What is expected: Starting with the line that contains "Caixinhas para Canecas" and stopping after the line that contains "Dometic Mini Heki", return each line below exactly as written, with no others.

───

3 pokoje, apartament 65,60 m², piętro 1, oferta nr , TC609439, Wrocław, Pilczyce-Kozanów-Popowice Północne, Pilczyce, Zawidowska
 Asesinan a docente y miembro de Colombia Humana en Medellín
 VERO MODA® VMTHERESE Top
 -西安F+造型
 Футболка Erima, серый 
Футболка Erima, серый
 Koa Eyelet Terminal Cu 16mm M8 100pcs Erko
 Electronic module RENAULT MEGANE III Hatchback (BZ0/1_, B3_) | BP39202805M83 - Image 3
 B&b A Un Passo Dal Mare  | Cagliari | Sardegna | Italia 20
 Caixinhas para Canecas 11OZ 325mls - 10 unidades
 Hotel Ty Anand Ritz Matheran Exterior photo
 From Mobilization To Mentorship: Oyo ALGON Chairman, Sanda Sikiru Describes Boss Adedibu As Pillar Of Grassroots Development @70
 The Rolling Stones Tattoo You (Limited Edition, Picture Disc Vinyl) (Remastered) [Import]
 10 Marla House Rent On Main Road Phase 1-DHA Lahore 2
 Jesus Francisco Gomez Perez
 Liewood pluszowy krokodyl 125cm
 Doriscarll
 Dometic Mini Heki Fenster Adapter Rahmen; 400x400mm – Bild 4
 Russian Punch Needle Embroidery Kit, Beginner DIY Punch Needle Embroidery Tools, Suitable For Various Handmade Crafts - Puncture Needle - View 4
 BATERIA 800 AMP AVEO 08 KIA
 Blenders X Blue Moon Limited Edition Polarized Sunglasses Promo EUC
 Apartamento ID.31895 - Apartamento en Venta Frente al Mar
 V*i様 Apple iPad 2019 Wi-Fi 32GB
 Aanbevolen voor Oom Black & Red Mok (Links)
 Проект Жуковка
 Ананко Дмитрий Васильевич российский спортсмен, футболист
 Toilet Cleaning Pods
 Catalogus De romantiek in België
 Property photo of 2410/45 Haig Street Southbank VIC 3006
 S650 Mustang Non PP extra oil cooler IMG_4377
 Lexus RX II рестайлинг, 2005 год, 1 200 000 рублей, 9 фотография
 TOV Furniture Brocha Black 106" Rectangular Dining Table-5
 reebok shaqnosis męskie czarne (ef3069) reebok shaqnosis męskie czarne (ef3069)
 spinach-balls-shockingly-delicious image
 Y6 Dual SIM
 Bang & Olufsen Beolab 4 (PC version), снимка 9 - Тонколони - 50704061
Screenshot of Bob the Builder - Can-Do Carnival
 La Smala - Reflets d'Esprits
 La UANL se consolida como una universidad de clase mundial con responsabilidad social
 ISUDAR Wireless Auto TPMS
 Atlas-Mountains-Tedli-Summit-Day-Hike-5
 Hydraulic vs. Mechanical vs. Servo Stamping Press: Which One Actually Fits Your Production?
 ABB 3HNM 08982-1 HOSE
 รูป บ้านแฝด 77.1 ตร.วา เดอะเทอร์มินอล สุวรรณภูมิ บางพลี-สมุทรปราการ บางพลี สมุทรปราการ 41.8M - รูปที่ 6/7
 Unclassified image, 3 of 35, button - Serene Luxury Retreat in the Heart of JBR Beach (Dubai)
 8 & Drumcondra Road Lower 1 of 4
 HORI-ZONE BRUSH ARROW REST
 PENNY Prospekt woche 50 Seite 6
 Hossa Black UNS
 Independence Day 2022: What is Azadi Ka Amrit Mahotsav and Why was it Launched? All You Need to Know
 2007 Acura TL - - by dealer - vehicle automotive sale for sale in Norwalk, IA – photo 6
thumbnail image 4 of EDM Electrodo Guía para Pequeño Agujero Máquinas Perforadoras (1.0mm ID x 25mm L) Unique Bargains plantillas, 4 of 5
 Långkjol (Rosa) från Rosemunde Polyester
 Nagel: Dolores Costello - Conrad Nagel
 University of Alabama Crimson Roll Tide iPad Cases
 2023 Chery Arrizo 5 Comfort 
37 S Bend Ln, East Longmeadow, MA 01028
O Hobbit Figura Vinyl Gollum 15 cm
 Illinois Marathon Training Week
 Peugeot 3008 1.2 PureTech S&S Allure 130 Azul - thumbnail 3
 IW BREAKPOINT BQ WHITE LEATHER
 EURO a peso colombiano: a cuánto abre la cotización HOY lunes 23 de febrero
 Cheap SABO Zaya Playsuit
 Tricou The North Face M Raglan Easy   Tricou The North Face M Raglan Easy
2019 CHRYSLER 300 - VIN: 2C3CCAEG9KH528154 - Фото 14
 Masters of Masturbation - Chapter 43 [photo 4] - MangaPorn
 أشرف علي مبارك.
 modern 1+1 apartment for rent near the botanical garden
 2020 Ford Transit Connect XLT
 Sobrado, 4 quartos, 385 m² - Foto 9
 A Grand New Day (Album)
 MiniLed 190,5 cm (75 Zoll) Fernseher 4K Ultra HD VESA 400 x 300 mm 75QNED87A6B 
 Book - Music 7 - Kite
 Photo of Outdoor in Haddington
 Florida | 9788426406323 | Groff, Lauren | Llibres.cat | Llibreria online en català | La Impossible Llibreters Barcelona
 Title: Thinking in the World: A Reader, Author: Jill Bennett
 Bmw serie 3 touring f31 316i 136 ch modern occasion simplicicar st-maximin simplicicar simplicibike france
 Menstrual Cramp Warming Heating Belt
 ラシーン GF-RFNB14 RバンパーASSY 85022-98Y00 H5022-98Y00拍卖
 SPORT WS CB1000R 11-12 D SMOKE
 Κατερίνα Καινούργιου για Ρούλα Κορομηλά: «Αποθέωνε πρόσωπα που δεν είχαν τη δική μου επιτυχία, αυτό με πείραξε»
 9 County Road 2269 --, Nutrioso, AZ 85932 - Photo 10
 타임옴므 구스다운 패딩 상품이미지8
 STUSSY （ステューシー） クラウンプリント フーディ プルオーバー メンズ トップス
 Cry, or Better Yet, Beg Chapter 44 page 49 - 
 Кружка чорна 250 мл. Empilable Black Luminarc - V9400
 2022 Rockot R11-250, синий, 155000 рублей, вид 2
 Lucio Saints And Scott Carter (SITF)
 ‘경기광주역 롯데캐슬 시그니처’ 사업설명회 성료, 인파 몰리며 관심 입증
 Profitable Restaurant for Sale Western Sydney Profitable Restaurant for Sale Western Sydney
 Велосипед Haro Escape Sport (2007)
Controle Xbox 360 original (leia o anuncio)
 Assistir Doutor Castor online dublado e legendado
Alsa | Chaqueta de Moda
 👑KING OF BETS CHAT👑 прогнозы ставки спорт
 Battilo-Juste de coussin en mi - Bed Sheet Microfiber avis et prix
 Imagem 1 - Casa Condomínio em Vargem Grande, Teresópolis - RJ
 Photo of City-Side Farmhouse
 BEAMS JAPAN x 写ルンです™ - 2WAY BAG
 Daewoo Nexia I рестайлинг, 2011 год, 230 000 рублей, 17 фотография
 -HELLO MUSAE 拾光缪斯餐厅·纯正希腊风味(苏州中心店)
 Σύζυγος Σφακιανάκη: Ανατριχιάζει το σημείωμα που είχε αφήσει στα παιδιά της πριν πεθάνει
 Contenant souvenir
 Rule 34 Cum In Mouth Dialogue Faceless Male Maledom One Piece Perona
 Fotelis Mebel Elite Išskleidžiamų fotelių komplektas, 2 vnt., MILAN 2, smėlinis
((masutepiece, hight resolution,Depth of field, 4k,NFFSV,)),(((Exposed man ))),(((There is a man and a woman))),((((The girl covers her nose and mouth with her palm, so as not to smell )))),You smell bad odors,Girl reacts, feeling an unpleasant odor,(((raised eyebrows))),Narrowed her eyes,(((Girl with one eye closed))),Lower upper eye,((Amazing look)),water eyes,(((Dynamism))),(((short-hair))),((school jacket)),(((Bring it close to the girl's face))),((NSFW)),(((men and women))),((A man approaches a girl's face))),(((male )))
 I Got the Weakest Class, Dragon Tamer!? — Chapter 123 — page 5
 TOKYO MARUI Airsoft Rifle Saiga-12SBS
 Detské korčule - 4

───

Output below:
 Caixinhas para Canecas 11OZ 325mls - 10 unidades
 Hotel Ty Anand Ritz Matheran Exterior photo
 From Mobilization To Mentorship: Oyo ALGON Chairman, Sanda Sikiru Describes Boss Adedibu As Pillar Of Grassroots Development @70
 The Rolling Stones Tattoo You (Limited Edition, Picture Disc Vinyl) (Remastered) [Import]
 10 Marla House Rent On Main Road Phase 1-DHA Lahore 2
 Jesus Francisco Gomez Perez
 Liewood pluszowy krokodyl 125cm
 Doriscarll
 Dometic Mini Heki Fenster Adapter Rahmen; 400x400mm – Bild 4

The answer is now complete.